Mongi Rahoui, son président, affirme que l’examen de cette loi est une priorité pour la commission parlementaire des finances, et prévoit son adoption après l’exclusion de certains secteurs de l’application de cette loi. Néanmoins, une nouvelle version de ce projet de loi devrait être soumise par le gouvernement à l’ARP, a-t-il déclaré, étant donné que l’ancienne version date de 2012.

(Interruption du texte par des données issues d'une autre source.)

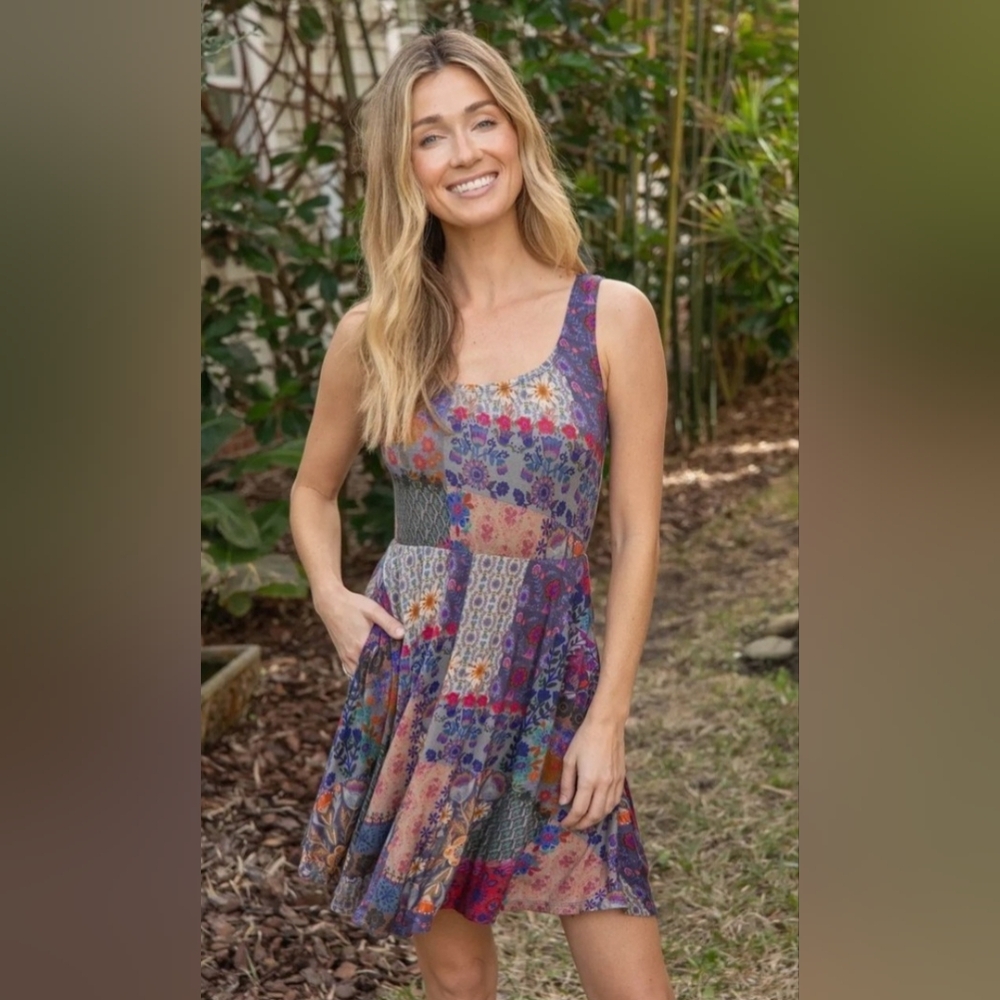 NATURAL LIFE Colorful Floral Midi Dress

Le premier article du projet de loi dans sa version 2012, stipule la mise en place d’un cadre général régissant les contrats de partenariat entre les secteurs public et privé, la fixation des principes de base de leur conclusion, la délimitation du système de leur application et des moyens de contrôle, ainsi que de mise à l’arrêt, outre l’identification du système juridique des biens y afférent. Or, ce partenariat public/privé, adopté dans plusieurs pays et même en Tunisie où il n’est pas régi par des textes précis, ne jouit pas d’un consensus et fait plutôt l’objet d’une polémique, depuis l’annonce de l’élaboration du projet de loi en rapport.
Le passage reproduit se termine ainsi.